The only case where insulators seem desirable is where rocks are met with so precipitous that spikes can be driven into them, and the wire supported on insulators attached to the spikes. Such rocks, however, will rarely occur. About a dozen rock insulators were utilised in the Khyber Pass.

The wire used for the field lines in Afghanistan was of galvanised iron, weighing 300 lbs. per mile, or No. 12 Indian gauge, equal to No. 9 (about) B.W.G. This answered admirably, but is perhaps unnecessarily heavy. For the distance that a field line is ever likely to extend to, or (say) up to 300 miles from base of operations, a wire weighing 200 lbs. per mile' would answer every purpose. A wire of this size has great advantages. It should be in coils weighing 100 lbs. each, so that a good mule or pony will carry 2 coils, or 1 mile, and a camel 4 coils, or 2 miles. It is easy to manipulate and joint, and a block and tackle, or other appliances for straining, are not required. The diameter of all coils should be exactly the same, to avoid delay in placing them on the wire reel. It is a good plan to have each coil wrapped round with a band of tarred canvas, to preserve the wire from injury during transport. An ordinary galvanised iron wire, weighing 150 lbs. to the mile, answers very well for short distances; but it does not give a sufficient margin of strength, to stand accidental blows, for a semi-permanent line. If a camel breaks down a post, the wire will most likely break too.

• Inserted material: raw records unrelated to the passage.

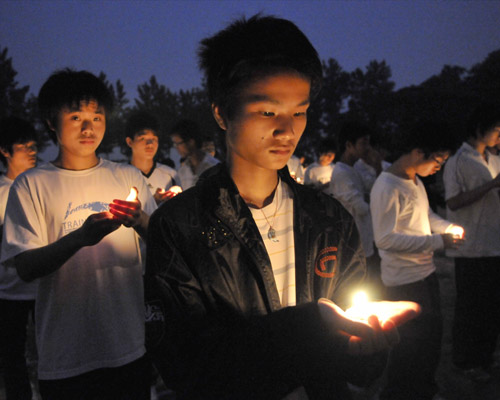 三峡电力职业学院灾区学生放飞孔明灯祭奠同胞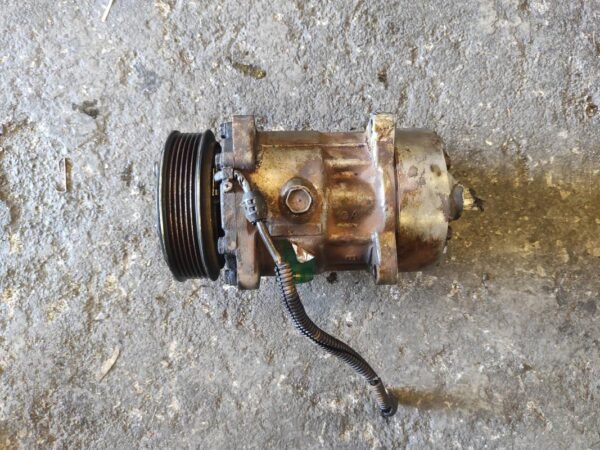 Compresor aire acondicionado Peugeot Partner 1.9 D (69 cv)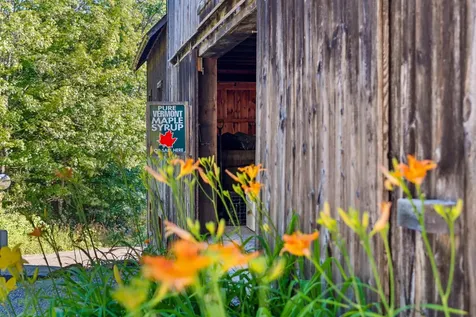 37 Maxham Road Pomfret VT 05067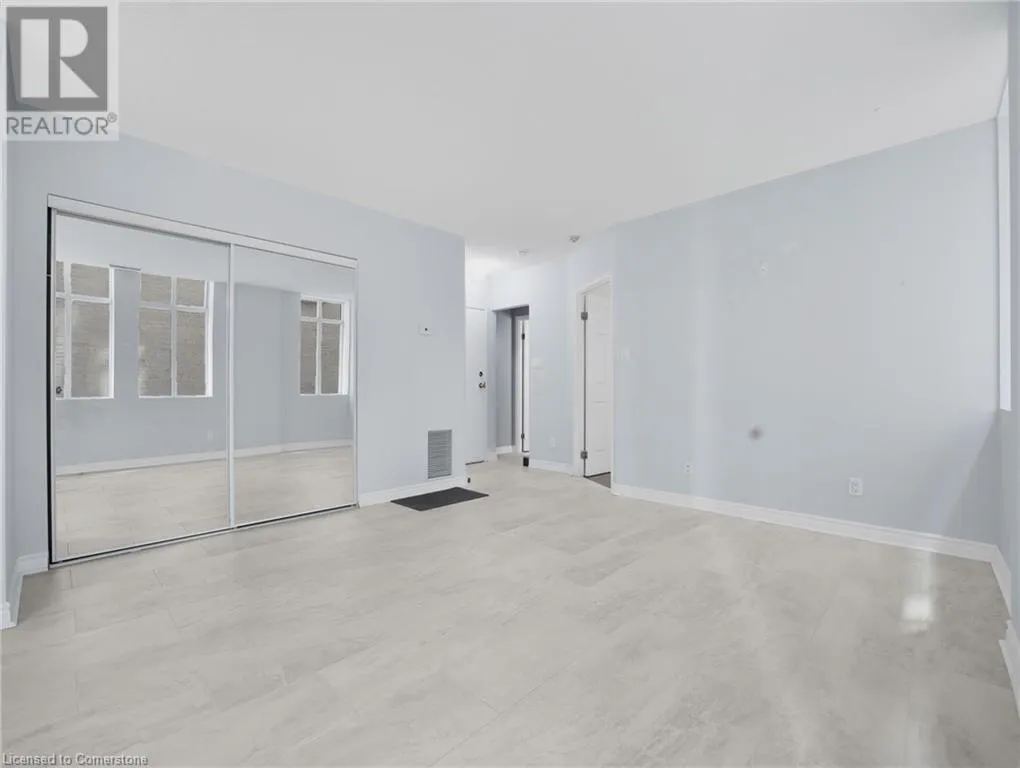 36 JAMES Street S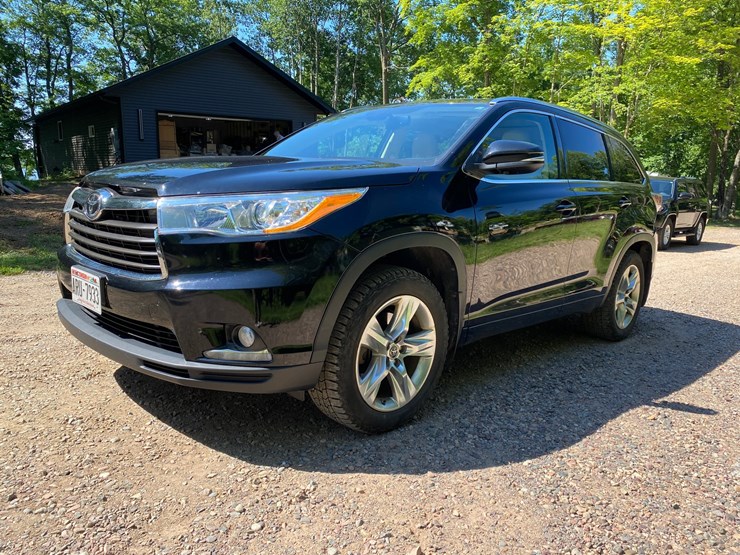 2016-toyota-highlander-image-1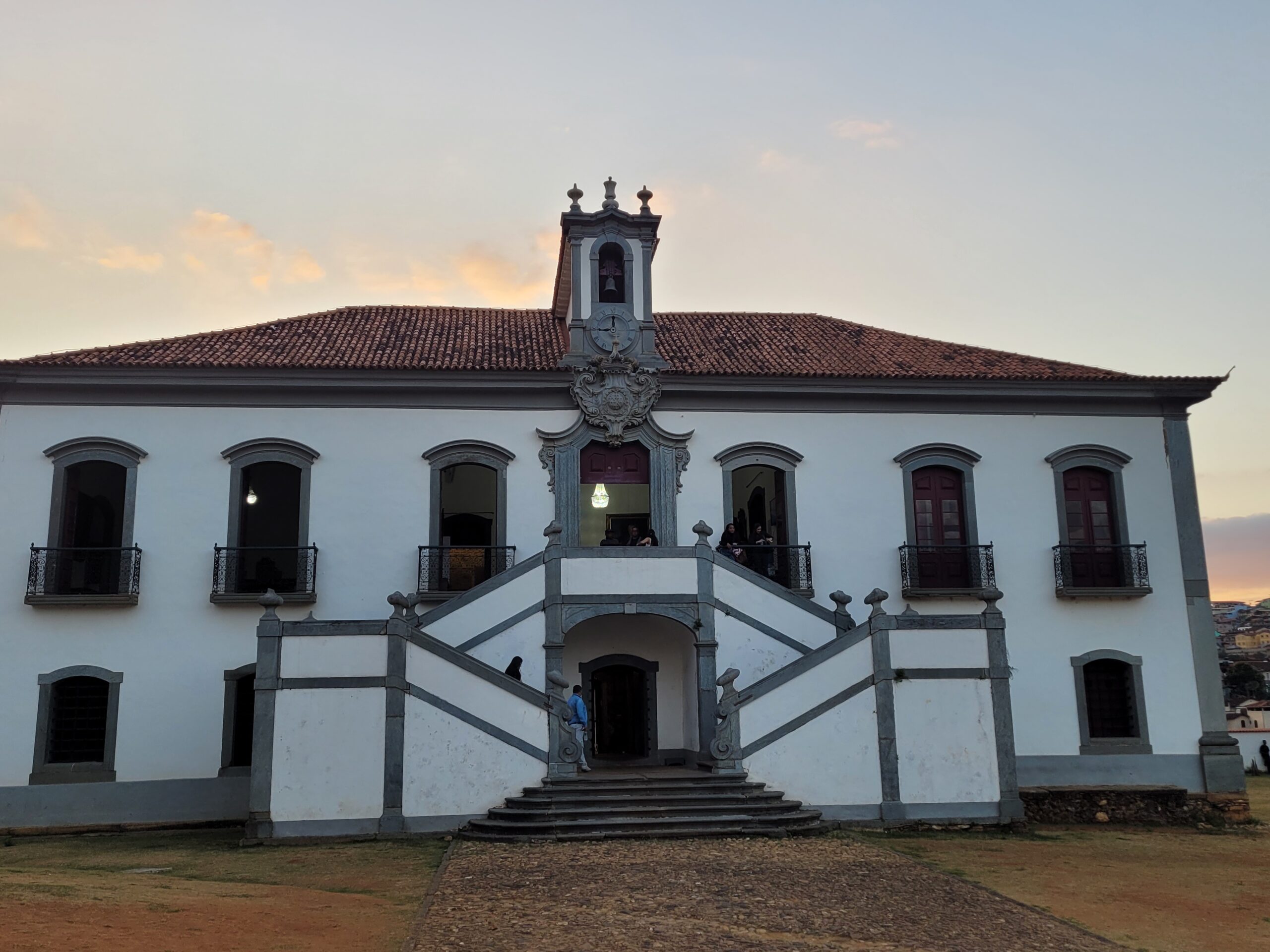 Câmara de Mariana inicia arrecadação de itens de higiene para mulheres em situação de vulnerabilidade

I n the matter of Tools, the digging tools should be adapted to the habits of the people who have to use them. A good wire reel for paying out wire, strong and portable, is essential. It should be so constructed that it can either remain stationary and the wire be dragged out from it, or be carried on men's shoulders and the wire paid out, according to the nature of the ground. It should also be fitted with a crank handle, and be adapted for quickly coiling up the wire when taking down a line.

Paying out wire from the backs of animals is not to be relied on in a difficult country, and it is improbable that the roads will admit of carriages of any kind for the purpose.

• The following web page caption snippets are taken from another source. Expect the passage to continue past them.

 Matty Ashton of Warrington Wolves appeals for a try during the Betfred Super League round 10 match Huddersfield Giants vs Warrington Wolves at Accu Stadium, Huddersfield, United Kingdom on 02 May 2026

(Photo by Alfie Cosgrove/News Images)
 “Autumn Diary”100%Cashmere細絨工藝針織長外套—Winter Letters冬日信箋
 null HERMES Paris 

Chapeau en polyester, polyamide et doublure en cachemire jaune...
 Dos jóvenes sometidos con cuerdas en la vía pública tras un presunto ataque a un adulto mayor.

For linemen engaged in the construction of the line, a tent of the pattern known in the Indian Ordnance Department as the " Followers' Pal'' was found to be the best for wet, heat, and cold. It should be made of three cotton cloths, the outside one white and inside one blue. It should open at one end only, the door to lace-up with brass eyelet holes; poles of male bamboo. The dimensions are as follows: 12' long, 10' wide, 6' 6" high, 1' 6" walls, three upright poles each 6' 6", two ridge poles each 6', twenty-six wooden or iron pegs, and one mallet. This tent will hold 12 natives, and weighs 120 lbs. A good mule or pony will carry two of these tents complete, or shelter for 24 men.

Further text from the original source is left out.